Сверкая русыми волосами в подмышках, Мона сгоняет присутствующих на середину комнаты.
Воробей тычет пальцем в свой раскрытый каталог и говорит:
— Это необходимый начальный минимум.
Устрица убирает волосы с глаз и давит мне на плечо подбородком. Потом обходит меня и тыкает указательным пальцем мне в грудь, точно по центру моего синего галстука. Давит так, что мне больно. Он говорит:
— Послушай, папаша. — Он тычет пальцем мне в грудь и говорит: — Единственное, что ты знаешь в смысле баюльных песен, это: “Мне бифштекс хорошо прожаренный”.
И я прекращаю считать.
Все происходит само собой. Непроизвольно, как это бывает, когда у тебя сводит ногу. Я кладу руки ему на грудь и отталкиваю от себя. Все умолкают и смотрят на нас, и баюльная песня звучит у меня в голове.

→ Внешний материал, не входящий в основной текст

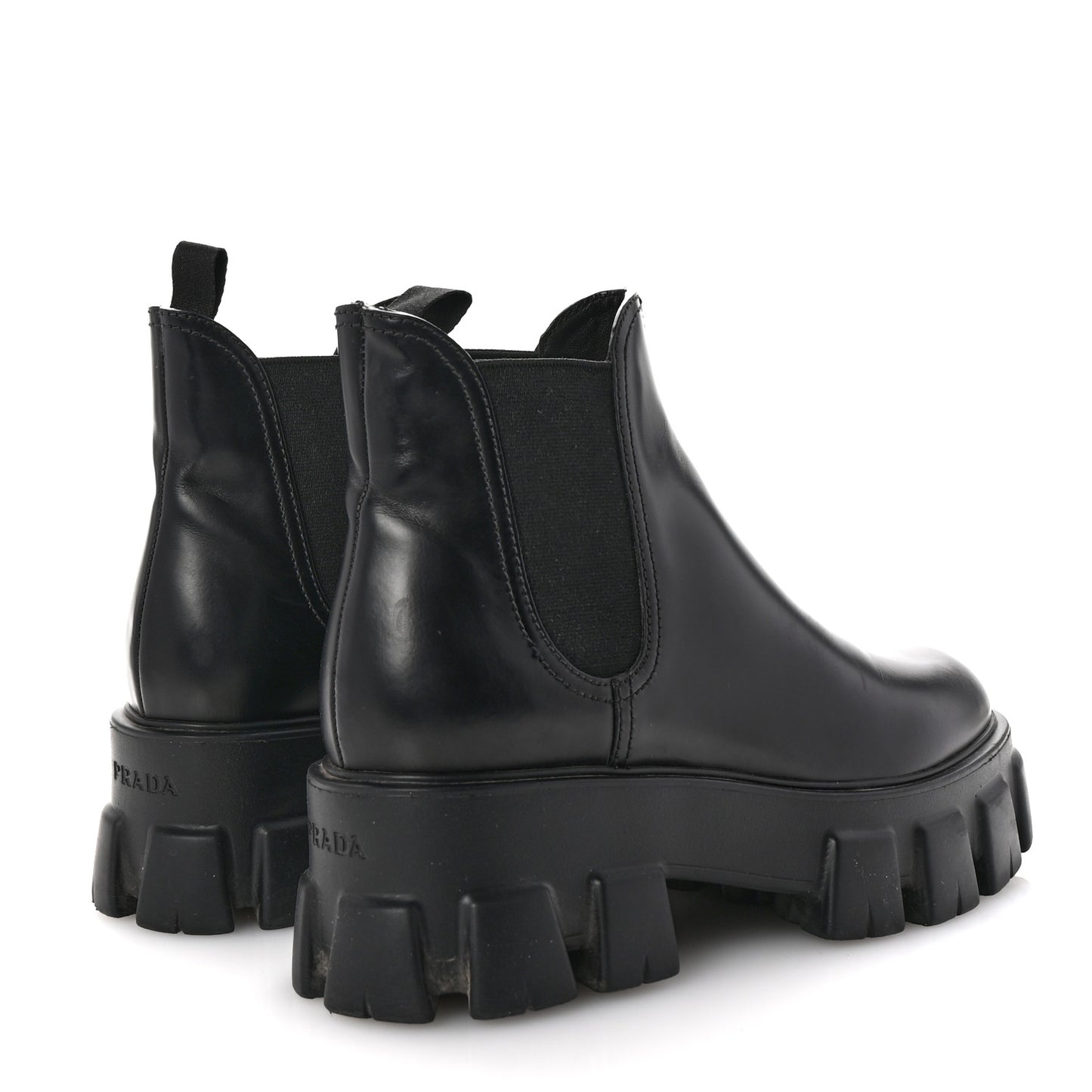 Spazzolato Rois Monolith Chelsea 55mm Ankle Boots 39.5 Black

Мне снова пришлось убивать. Бойфренда Моны. Сына Элен. Устрица на миг замирает и смотрит на меня из-под светлых волос, снова упавших ему на глаза.
С плеча Барсука падает попугай.
Устрица поднимает руки, растопырив пальцы, и говорит:
— Спокойно, папаша. Не горячись. — Вместе с Воробьем и остальными он идет посмотреть на мертвого попугая у ног Барсука. Мертвого и наполовину ощипанного. Барсук трогает птицу носком сандалии и говорит:
— Ты чего. Смелый?
Я смотрю на Элен.
Мою жену. Таким вот новым и извращенным способом. Пока смерть не разлучит нас.

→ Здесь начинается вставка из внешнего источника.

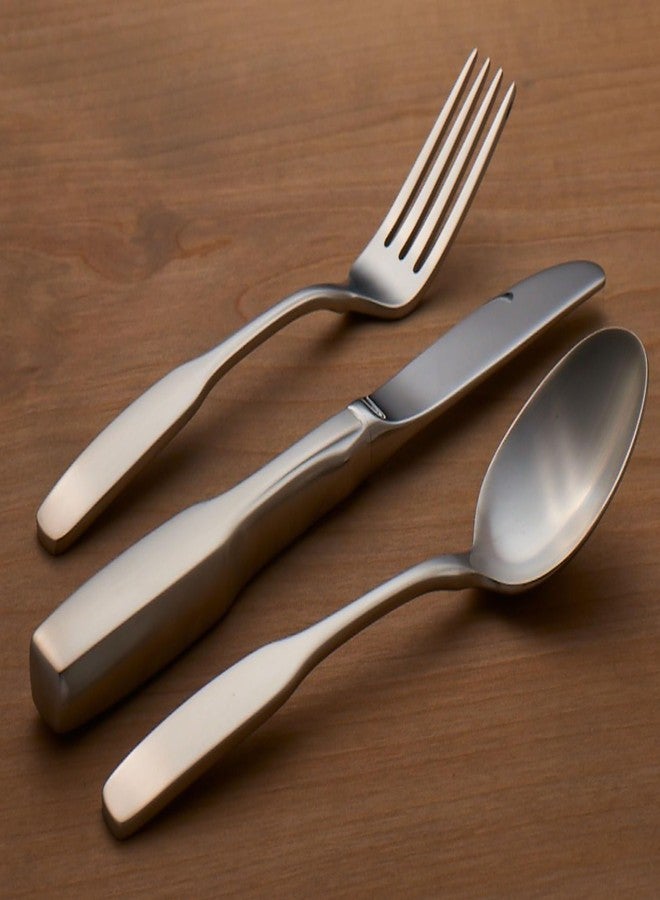 Oneida Paul Revere Fine Flatware Place Spoon, 0.10 LB,Silver - Image 4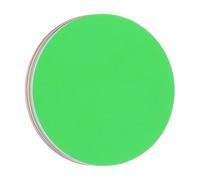 sourcing map 30 PCS Assorted Color Color Circle Cutouts Paper 10 Inch Round Card Stock Thick Coaster Die Cut for DIY Craft Project Classroom Teacher Bulletin Board Office Chalkboard Wall Decor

Может быть, если есть заклинание, чтобы убить, то есть и другое — чтобы вернуть их к жизни. Тех, кого ты убил.
Элен тоже смотрит на меня. Бокал у нее в руке испачкан розовым. Она качает головой и говорит:
— Это не я. — Она поднимает три пальца, соединив на ладони большой и мизинец, и говорит: — Честное слово ведьмы.